Lamb is the second Republican in the history of Oklahoma statehood to serve as Lieutenant Governor — the first Republican to do so was now-Gov. Mary Fallin.

His office operates autonomously and independently from the Governor’s office, he explained. As Oklahoma’s government is set up, he said, the state can have two top executives who don’t always get along.

Among his duties, Lamb acts as an advocate for small businesses, which represent 97 percent of the state’s commerce.

"I go to every county every single year," he said. "It’s not just stopping in the Panhandle for a dipped-top ice cream cone at the Dairy Queen.

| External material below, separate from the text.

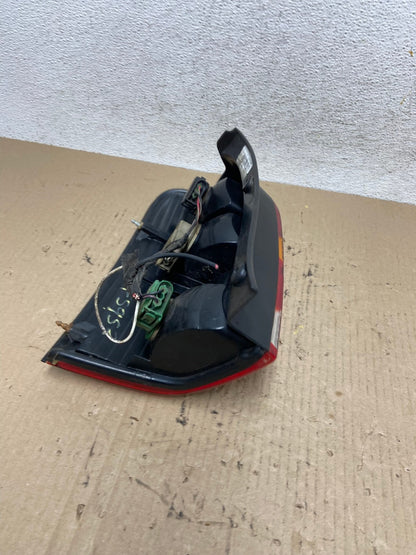 2001 to 2007 Ford Escape Right Passenger RH Side Tail Light AF5952 LK5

These are visits consistence."

Two questions he frequently asks on his visits are "Based on your life experience and business model, what is your advice for me?", followed by "What would you do?"

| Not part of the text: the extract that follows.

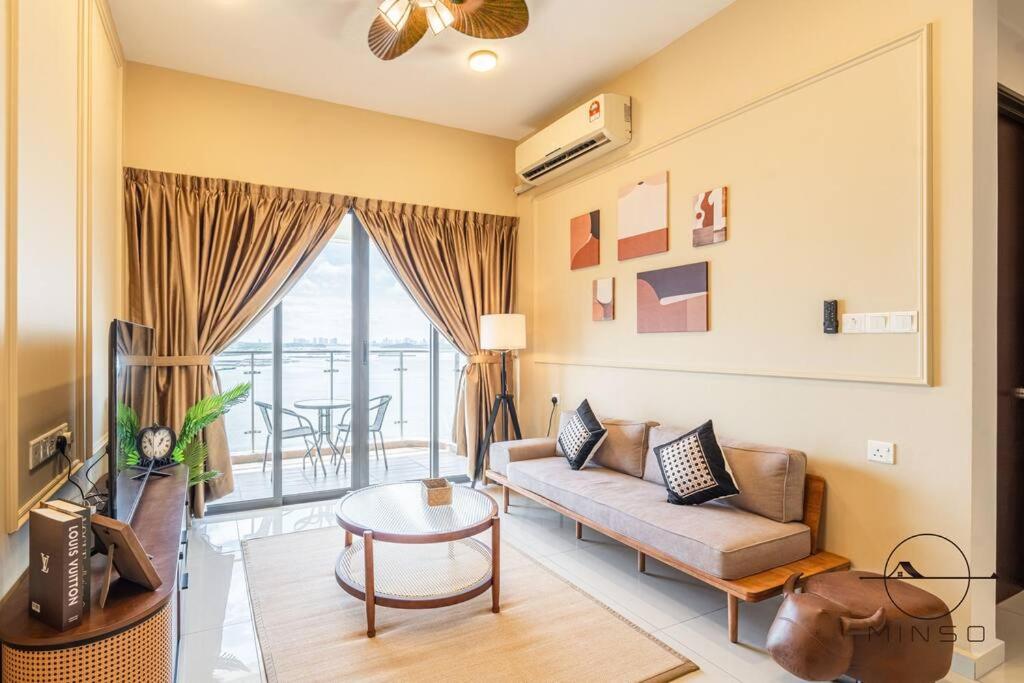 KingsBay A #SeaView #WoodenStyle #4pax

He said the lieutenant governor should have a platform or agenda for guiding his work in the office.

"As Lieutenant Governor, I want Oklahoma to beat Texas in something besides football," he said. "We have two children, a son, 15, and a daughter, 12. I don’t want our children to be forced to move to Texas because that’s where the jobs are."

Lamb also serves on the Board of Adjustment, which will meet Dec. 21 to discuss how much money the 2016 Legislature will have to appropriate. He anticipates that there will be another "budget hole" in that session.

"I don’t know if it will be $500 million or $2 billion with a B, but I expect another hole," he said.

He said Oklahoma’s economy is directly tied to commodities.

"It is more challenging with our oil and gas commodities because the price is set by people who do not like us," he said. "That’s our challenge."

In recent years, he said, the economy is becoming more diverse with the aerospace industry and bioscience, as well as tourism, which is the third leading industry in Oklahoma.

"We will continue to be independent, but we must keep our foot on the accelerator," he said.

To help make Oklahoma’s economy stronger, he said, "I’m going to work with Kay County to make sure the best thing in Texas is I-35 northbound."

Jennifer Rogers with the Oklahoma Municipal Power Authority asked Lamb if he would support a budget-only session. He said he was not opposed to the idea, mainly because no one has expressed why it would be a bad idea.

He said the Legislature typically passes between 1,200 and 1,500 policy bills every session.

"I would humbly offer to you that that is unnecessary," he said.

Another audience member asked for his opinion on a 1-cent sales tax for education, proposed by OU president David Boren.

"Not every sales tax is the same," he said. "Some communities have passed a sales tax for something they want to do short term," citing a recent issue in Norman.

"Over 50 percent of the budget goes to education," he said. "There needs to be more of a priority for getting that into the classroom for common education."

He said his wife Monica is a fourth grade teacher and they have seen four "saviors" for education — liquor by the drink; pari-mutuel betting; House Bill 1017, and the education lottery.

"That’s four ‘saviors’ for education," he said. Success "must be tied to reform — we’ve got to get the money into the classroom."

Several members of the audience were involved with agencies which receive state funding for their services, and they expressed their concern about additional upcoming budget cuts.

Robin Abshire with RSVP said she attended a meeting in Oklahoma City yesterday and was told to anticipate additional cuts in her budget for seniors and veterans in aging services.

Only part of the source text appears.